"Pak, perempuan yang berada di samping pengurus pusat itu siapa ya?" tanyaku kepada pak Mijan, salah satu ketua pengurus kecamatan yang kebetulan berada di sampingku.
"Bukannya itu istrinya Pak Raditya pengurus pusat, Mas?" pak Mijan memberitahukan dengan nada balik bertanya.
"Iya, to. Orang mana Pak? Kok kelihatannya saya tidak asing dengan wajah itu." Tambahku menggali informasi kepada pak Mijan yang merupakan senior di partai walaupun dalam kariernya dari dulu tetap sebagai ketua di tingkat kecamatan. Kami mencoba terus berdiskusi pelan sambil berbisik.
"Lho iya Mas, dia sering mendampingi suaminya saat kunjungan partai. Dengar-dengar aslinya dia orang sini, kabupaten Buwana. Hanya saja dia kuliah di luar kota dan menikah hingga sekarang menetap di Jakarta." Penasaranku terus menjadi-jadi. Keinginanku untuk membongkar rasa penasaranku terus membuncah.
Aku mencoba untuk berpindah tempat sebelum tamu dari pusat berjalan tepat di depanku. Beberapa kali aku memposisikan badanku dekat orang yang berbeda-beda. Saat kutanya, semuanya tidak tahu. Tapi kulihat di seberang sana ada pak Budi, dia adalah wakil sekretaris partai. Pelan-pelan aku mendekat padanya.

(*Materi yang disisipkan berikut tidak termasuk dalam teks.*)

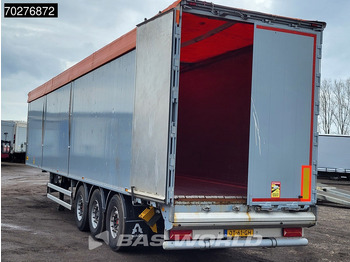 Walking floor semi-trailer Legras F10271 88m3 10mm TUV 06/2025 Liftachse: picture 4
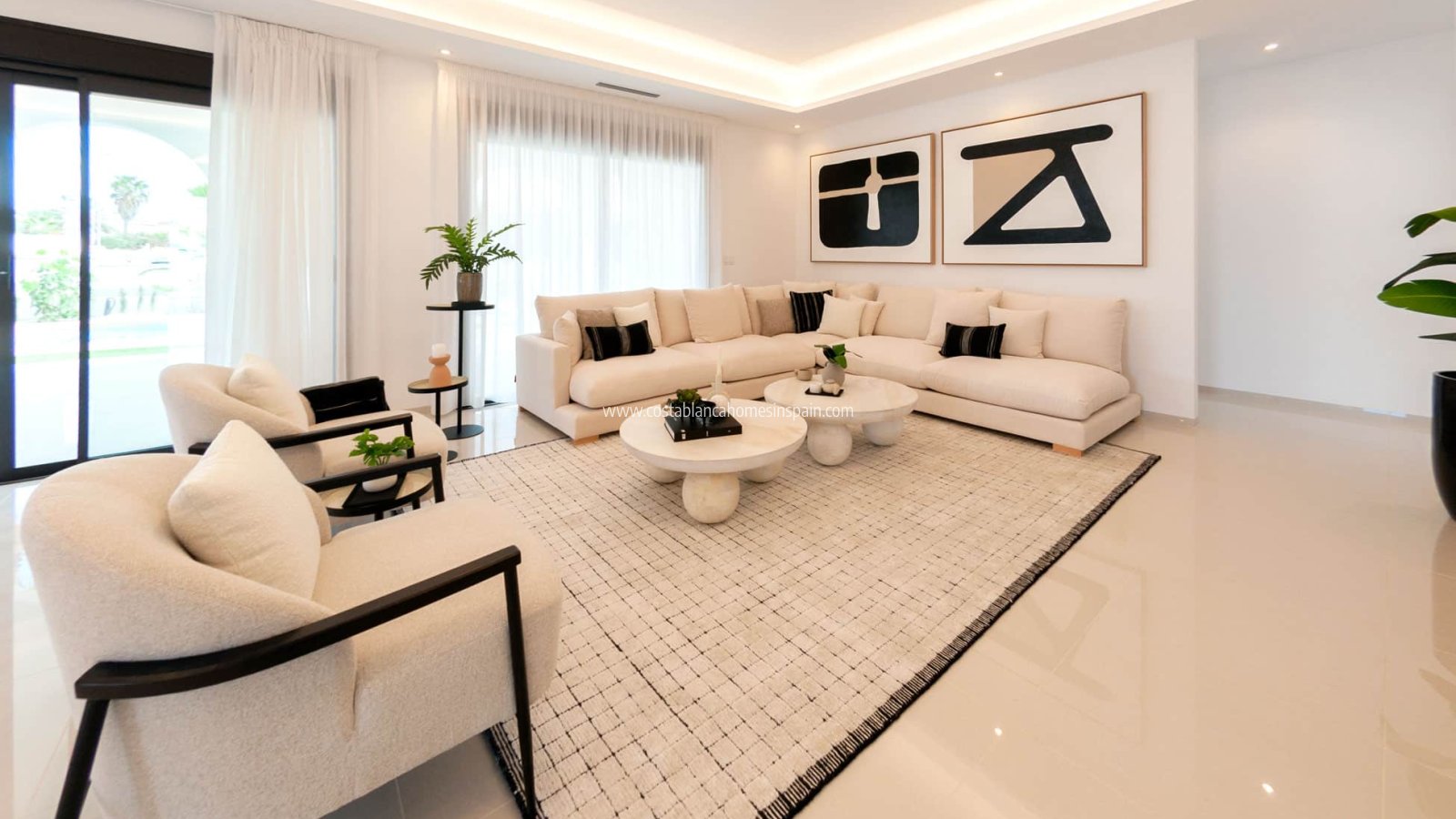 Nybygg - Detached Villa - Ciudad Quesada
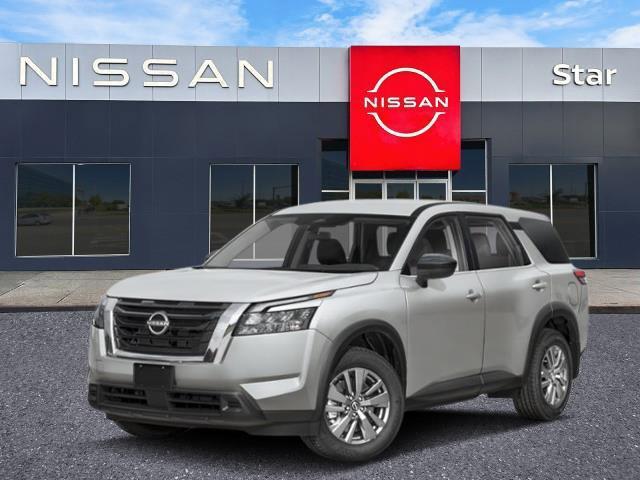 new 2025 Nissan Pathfinder car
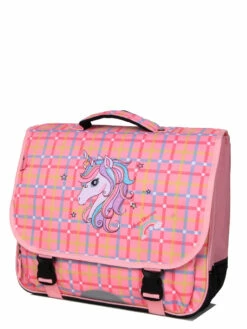 Cartable Snowball Romantique Licorne 41 Cm - Sac à Dos Scolaire pour Enfants
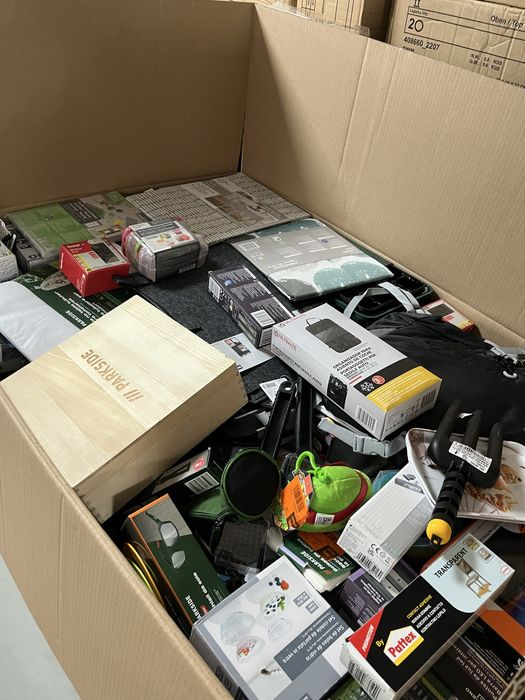 Бокс з товарами для дому Lidl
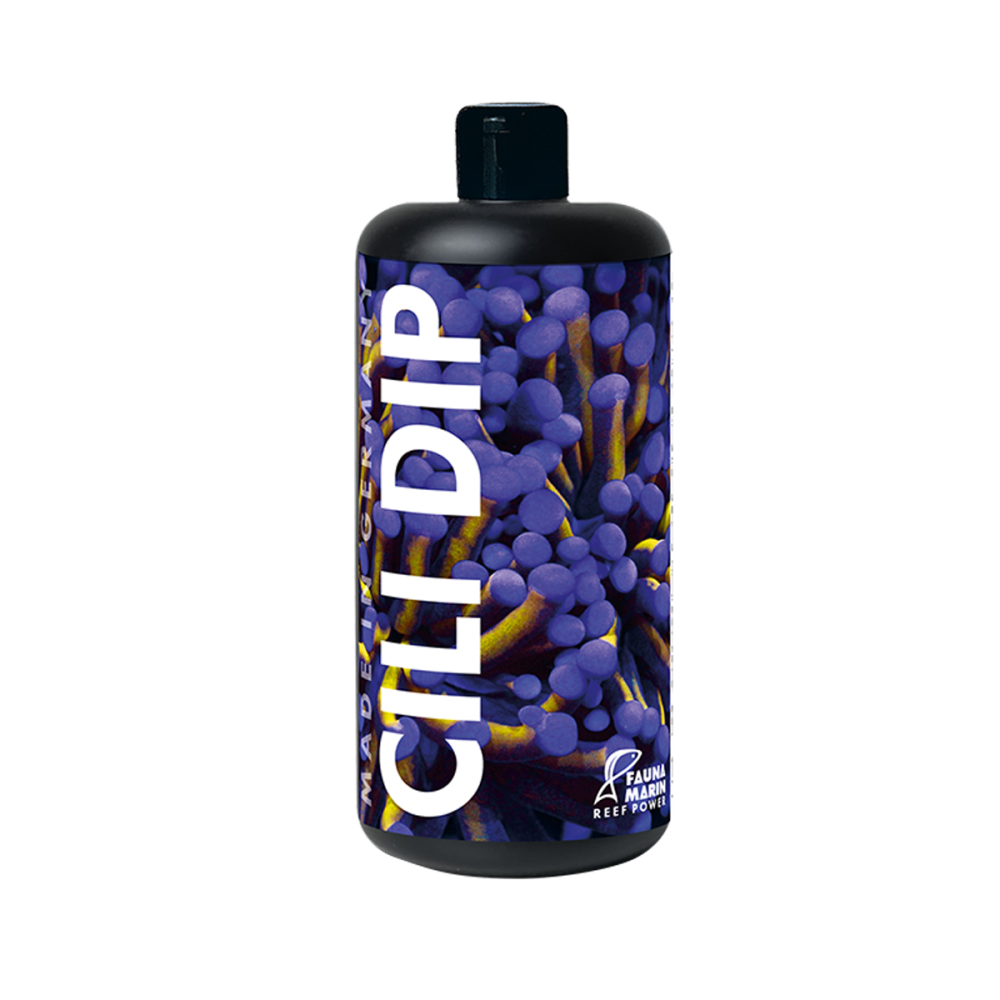 Fauna Marin Cili Dip 250ml - Badelösung zur Reinigung von Korallen img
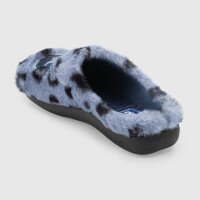 Тапочки для девочки INBLU EC000097-041 37 Синий (2000990139139139A)  Фото №6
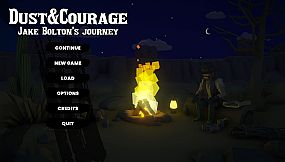 Dust & Courage: Jake Bolton’s Journey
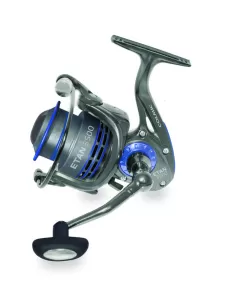Colmic Mulinello da Pesca Etan 9 cuscinetti Mulinelli da Pesca Colmic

"Mas Bud, kenapa kok di sini? Kenapa kok tidak bersama pak Ketua mendampingi pengurus pusat?" tanyaku sedikit heran. Banyak orang yang memanggil beliau dengan sebutan "Pak", tapi aku sudah terlanjur terbiasa memanggil "Mas" walaupun beliau seumuran Bapakku.
"Ah nggak Mas, sudah banyak kok yang mendampingi pengurus pusat. Jadi saya di sini saja mendampingi mas Erlangga," beliau menjawab sambil tertawa. Inilah khas beliau, jarang mau muncul di permukaan tapi humoris dan sangat dekat dengan konstituen manapun. Mas Budi memang mantap, dalam hati kecilku.
"Walah Mas Bud bisa saja," jawabku sambil menyambung tawanya.
"Mas, yang di sebelahnya pak Raditya itu benar istrinya ya Mas?" tanyaku.
"Iya, itu istri setianya. Kemanapun pak Raditya berada dia pasti mendampingi."
"Wah setia banget berarti Mas?" tambahku.